In order to assess the interactions between process factors, the experiments involving the liquid-phase adsorption of cephalexin (CEX) onto silicon-coated iron nanoparticles (Fe₃O₄@SIO₂) were designed using the Box-Behnken Design-Response surface methodology (BBD-RSM). Optimal circumstances were used to investigate the synergistic influence on the process’s efficiency. In addition, the data was used to test and fit an artificial neural network (ANN) model. Molecular-level DFT calculations on the CEX molecule were carried out. The PW6B95D3/Def2-TZVP level of theory was used to build DFT-based descriptors for the CEX molecule. At 25°C, pH 5.83, 37.67 min, a dosage of 0.8 g Fe₃O₄@SIO₂ and 118.01 mg/L CEX, the removal efficiency achieved a maximum of 99.01 percent. For example, we found that OH --- O, NH --- O, CH --- O hydrogen bonds, NH --- π, OH --- π, CH --- π interactions as well as dipole-dipole interactions between CEX and the nanoparticles could all be used to connect the CEX and the nanoparticles. There is a strong correlation between the output and target values acquired by BBD-RSM and ANN fits. Fe₃O₄@SIO₂ proved to be an excellent tool for eliminating CEX.

1. Introduction

Antibiotic residues on the environment have been increasingly controversial in recent years. As a result, antibiotic depletion control has been explored extensively [1]. The development of antibiotic resistance is a big worry, even though medications are unlikely to have an immediate negative effect on aquatic microbes [2]. Antibiotic Cephalexin (CEX), which belongs to the penicillin group, is used in medicine and veterinary medicine to treat gastrointestinal and bacterial infections of the intestines and urinary tract [3].

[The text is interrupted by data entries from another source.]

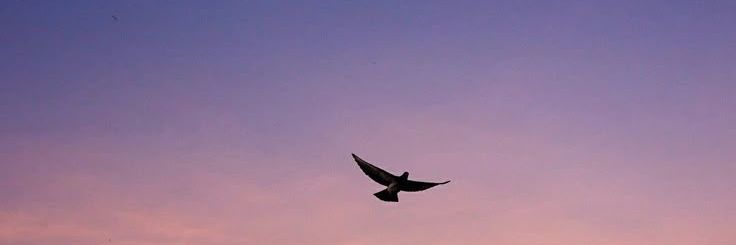 Ayteenn__'s profile banner image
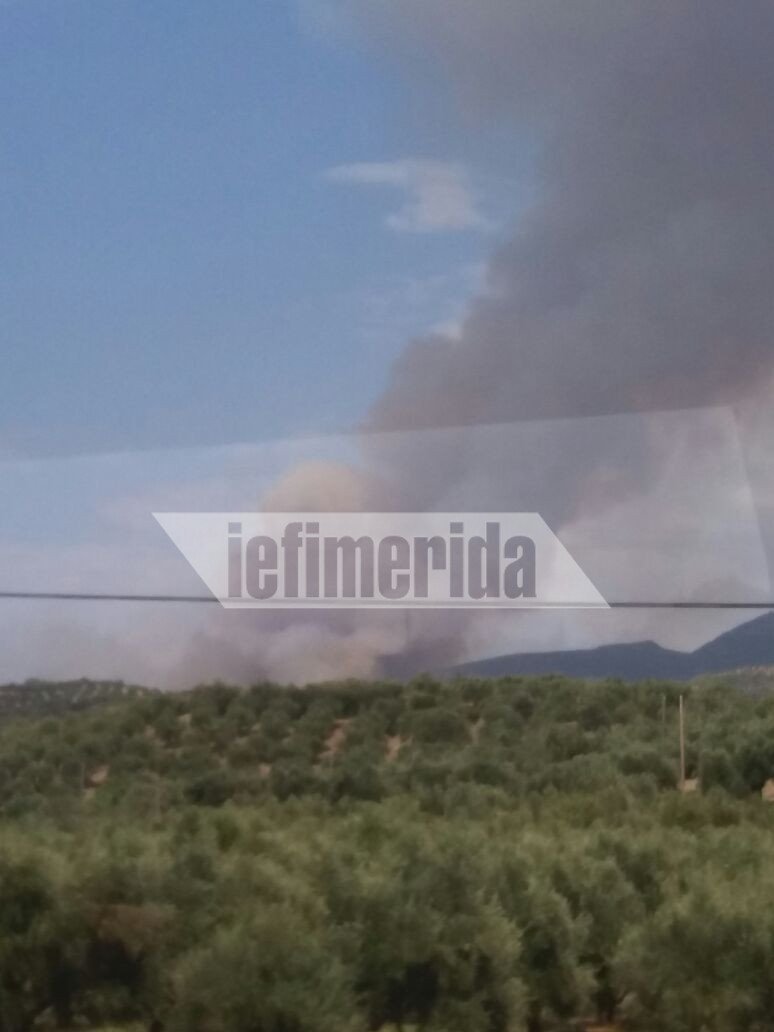 Ηλεία: Μεγάλη φωτιά στα Ροδινά Ζαχάρως | iefimerida.gr 2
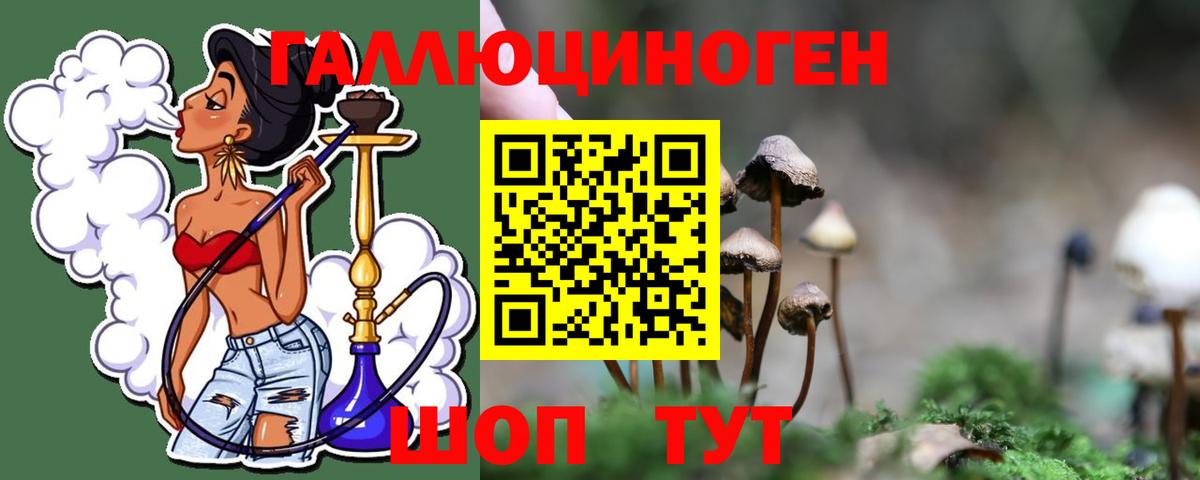 Галлюциногенные грибы Cubensis Новый Уренгой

One of the most widely used antibiotics is the beta-lactam family, which includes the molecule CEX [4, 5]. More serious side effects include limited biological decomposition capacity, high toxicity, carcinogenic, mutagenic, mutagenic effects, DNA and lymphocytes being damaged, allergic responses being increased, and the development of medication resistance [6]. Because of their complicated structure and limited biodegradability, the degradation of these substances is seen as a significant environmental concern [7].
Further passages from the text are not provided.